_Records provided_.

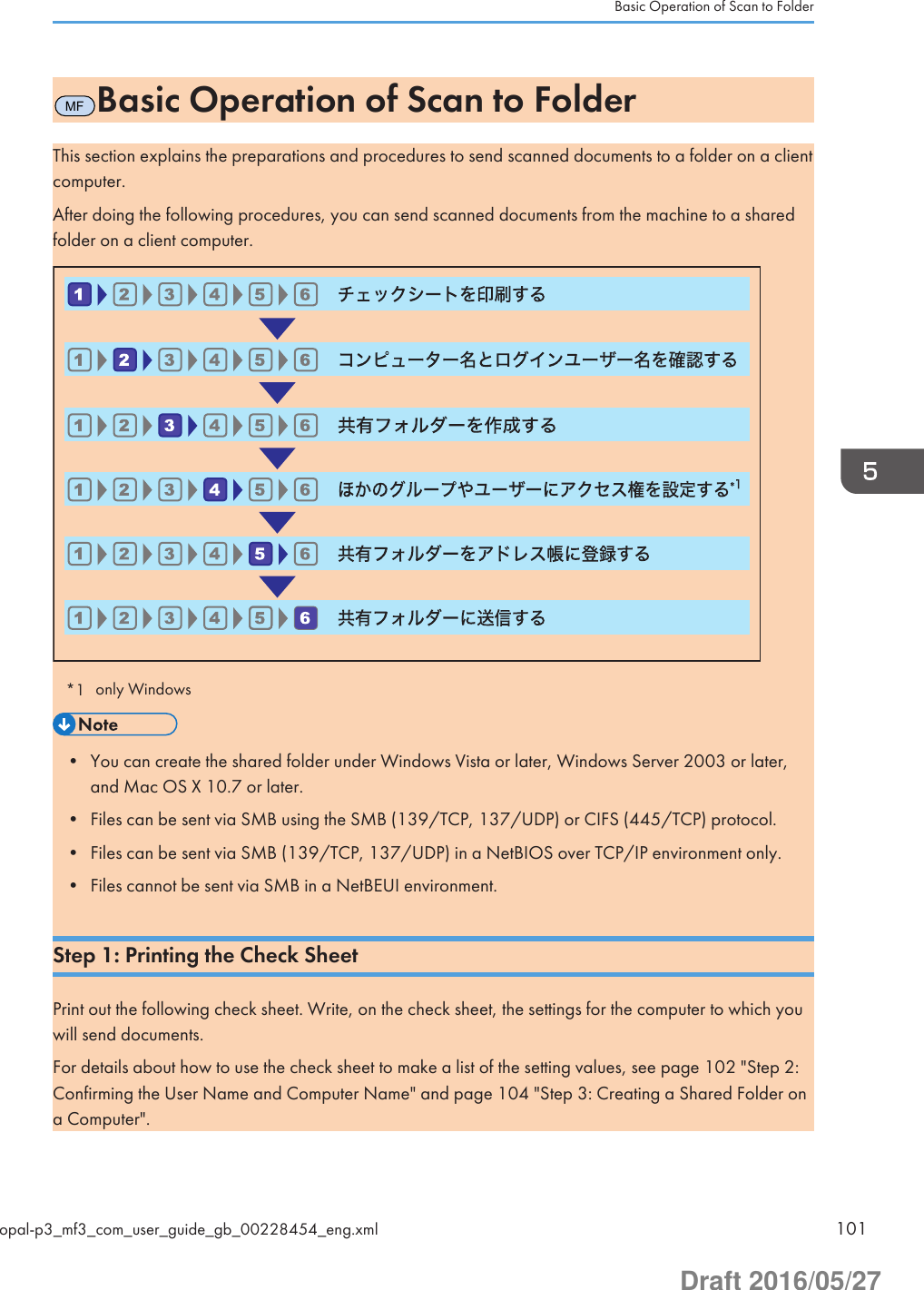 MFBasic Operation of Scan to FolderThis section explains the preparations and procedures to send scanned documents to a folder on a clientcomputer.After doing the following procedures, you can send scanned documents from the machine to a sharedfolder on a client computer.                                 *1 only Windows• You can create the shared folder under Windows Vista or later, Windows Server 2003 or later,and Mac OS X 10.7 or later.• Files can be sent via SMB using the SMB (139/TCP, 137/UDP) or CIFS (445/TCP) protocol.• Files can be sent via SMB (139/TCP, 137/UDP) in a NetBIOS over TCP/IP environment only.• Files cannot be sent via SMB in a NetBEUI environment.Step 1: Printing the Check SheetPrint out the following check sheet. Write, on the check sheet, the settings for the computer to which youwill send documents.For details about how to use the check sheet to make a list of the setting values, see page 102 &quot;Step 2:Confirming the User Name and Computer Name&quot; and page 104 &quot;Step 3: Creating a Shared Folder ona Computer&quot;.Basic Operation of Scan to Folderopal-p3_mf3_com_user_guide_gb_00228454_eng.xml 101Draft 2016/05/27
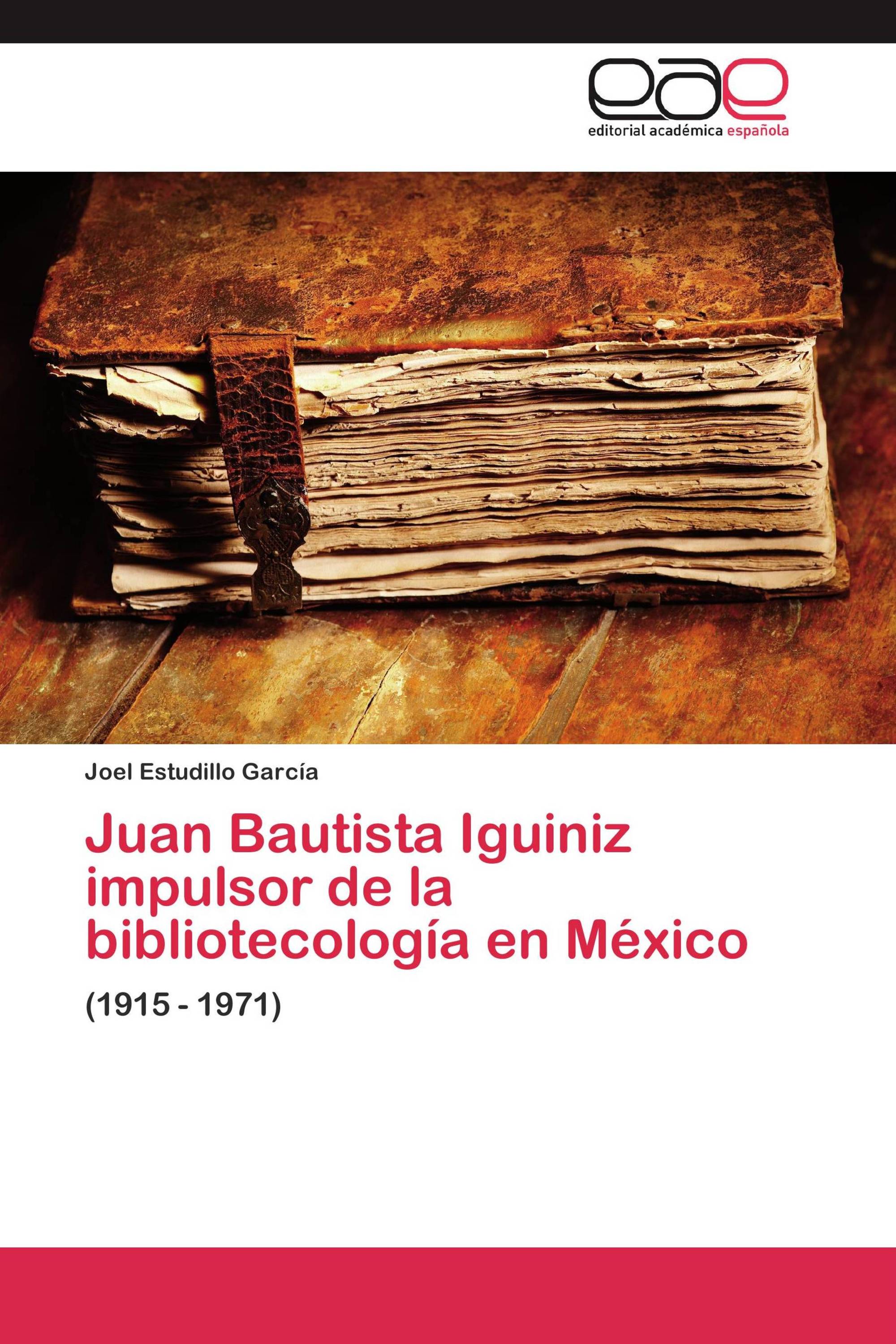 Juan Bautista Iguiniz impulsor de la bibliotecología en México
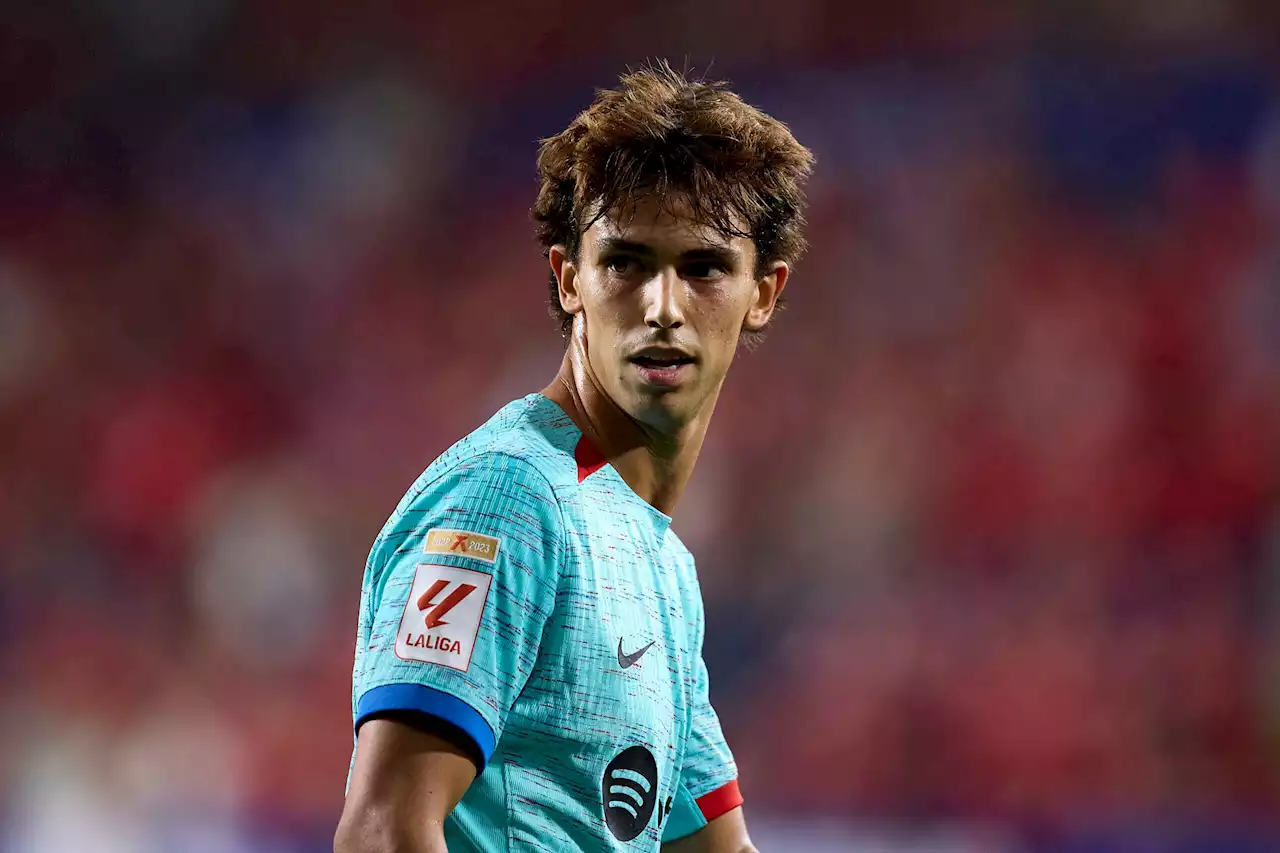 Barcelona's dramatic end to the transfer window - and how Joao Felix was signed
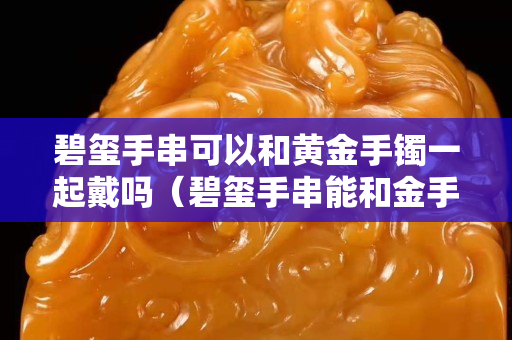 碧玺手串可以和黄金手镯一起戴吗（碧玺手串能和金手镯一起戴吗）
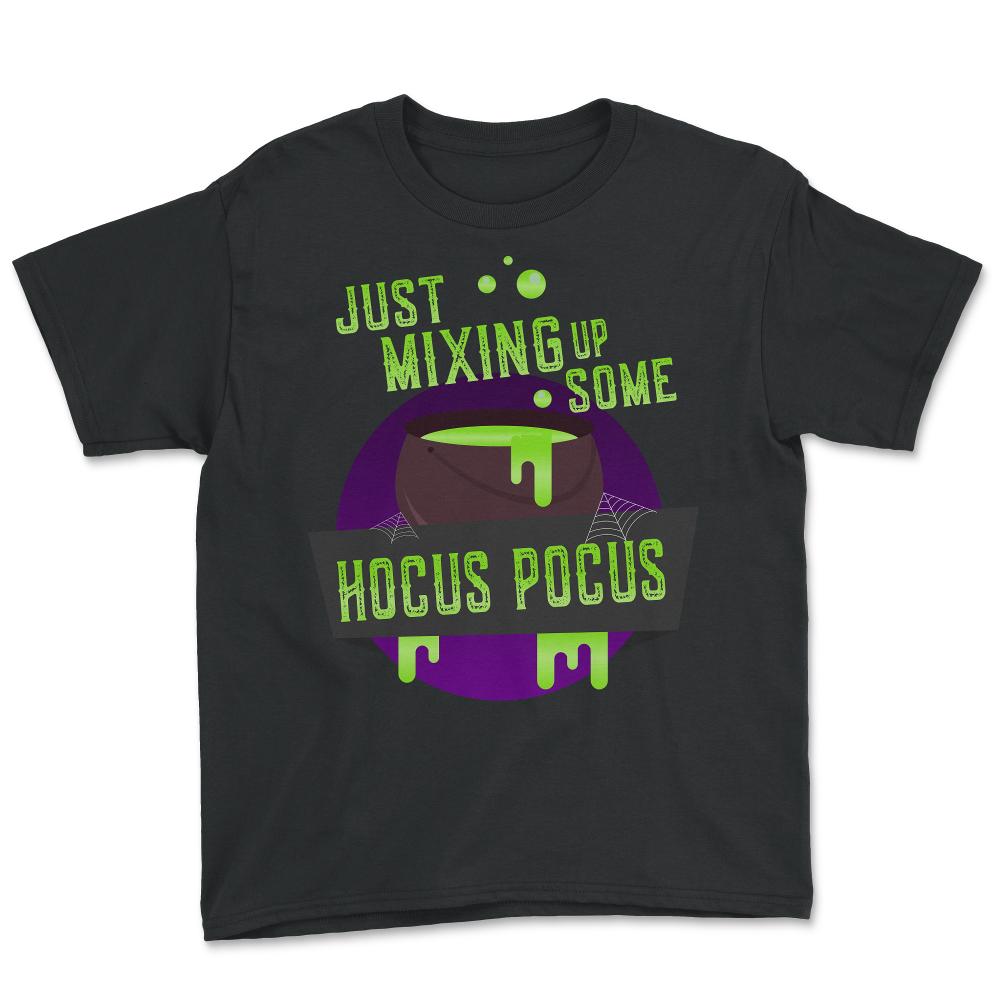 Just Mixing Some Hocus Pocus Halloween Witch - Youth Tee - Black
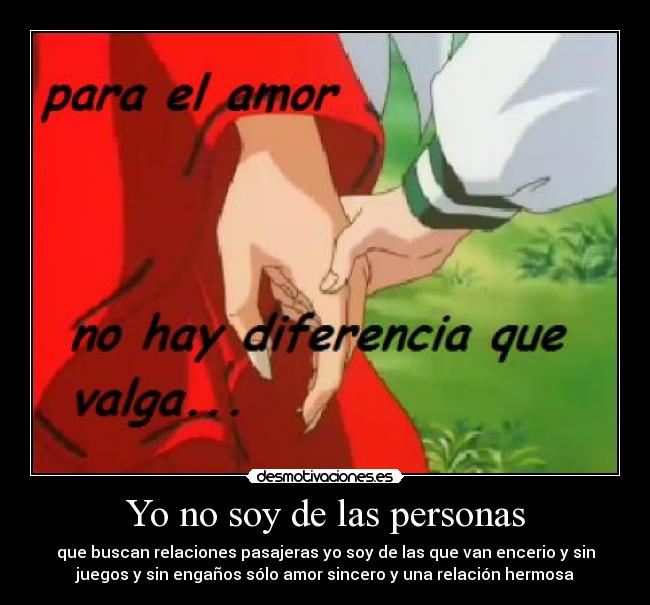 Yo no soy de las personas - que buscan relaciones pasajeras yo soy de las que van encerio y sin
juegos y sin engaños sólo amor sincero y una relación hermosa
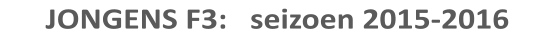 JONGENS F3:   seizoen 2015-2016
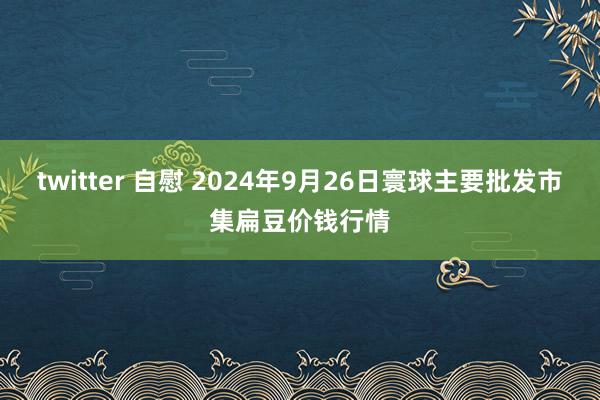 twitter 自慰 2024年9月26日寰球主要批发市集扁豆价钱行情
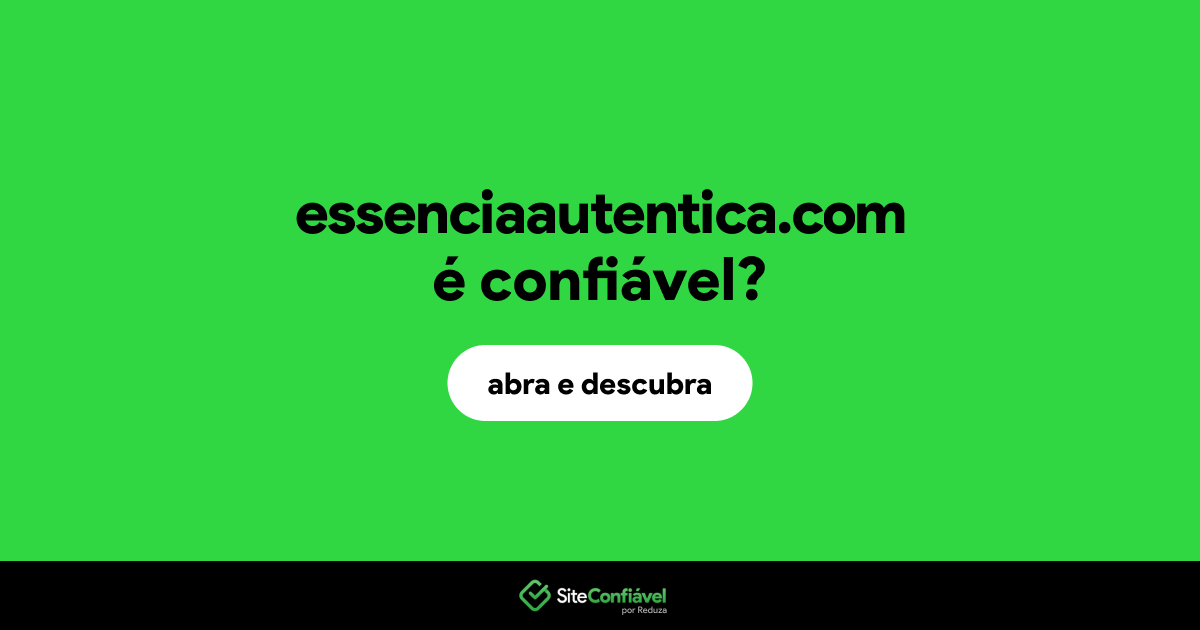 O site essenciaautentica.com é confiável?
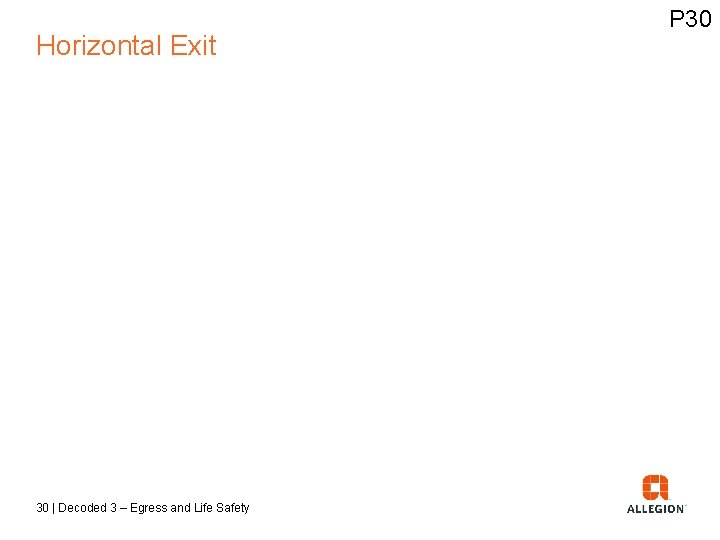 Horizontal Exit 30 | Decoded 3 – Egress and Life Safety P 30 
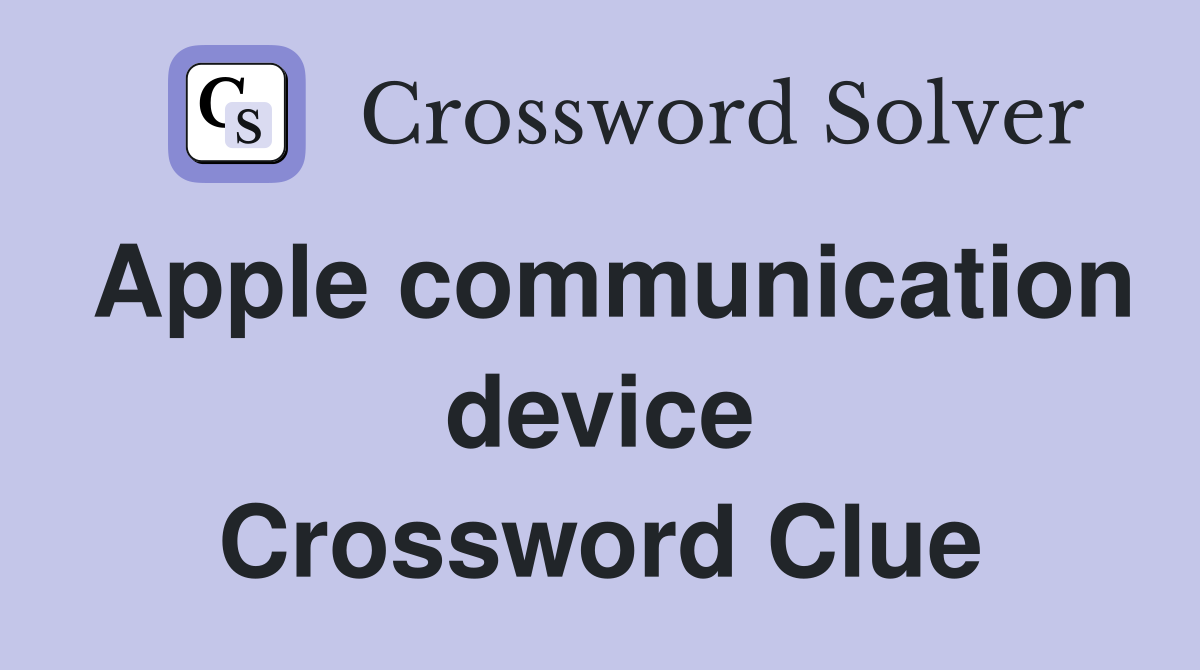Apple communication device Crossword Clue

_What is being asked_.
Transcribe each entry exactly; images stay out.

_Output below_.
 MFBasic Operation of Scan to FolderThis section explains the preparations and procedures to send scanned documents to a folder on a clientcomputer.After doing the following procedures, you can send scanned documents from the machine to a sharedfolder on a client computer.                                 *1 only Windows• You can create the shared folder under Windows Vista or later, Windows Server 2003 or later,and Mac OS X 10.7 or later.• Files can be sent via SMB using the SMB (139/TCP, 137/UDP) or CIFS (445/TCP) protocol.• Files can be sent via SMB (139/TCP, 137/UDP) in a NetBIOS over TCP/IP environment only.• Files cannot be sent via SMB in a NetBEUI environment.Step 1: Printing the Check SheetPrint out the following check sheet. Write, on the check sheet, the settings for the computer to which youwill send documents.For details about how to use the check sheet to make a list of the setting values, see page 102 &quot;Step 2:Confirming the User Name and Computer Name&quot; and page 104 &quot;Step 3: Creating a Shared Folder ona Computer&quot;.Basic Operation of Scan to Folderopal-p3_mf3_com_user_guide_gb_00228454_eng.xml 101Draft 2016/05/27
 Juan Bautista Iguiniz impulsor de la bibliotecología en México
 Barcelona's dramatic end to the transfer window - and how Joao Felix was signed
 碧玺手串可以和黄金手镯一起戴吗（碧玺手串能和金手镯一起戴吗）
 Just Mixing Some Hocus Pocus Halloween Witch - Youth Tee - Black
 Yo no soy de las personas - que buscan relaciones pasajeras yo soy de las que van encerio y sin
juegos y sin engaños sólo amor sincero y una relación hermosa
 JONGENS F3:   seizoen 2015-2016
 twitter 自慰 2024年9月26日寰球主要批发市集扁豆价钱行情
 O site essenciaautentica.com é confiável?
 Horizontal Exit 30 | Decoded 3 – Egress and Life Safety P 30 
Apple communication device Crossword Clue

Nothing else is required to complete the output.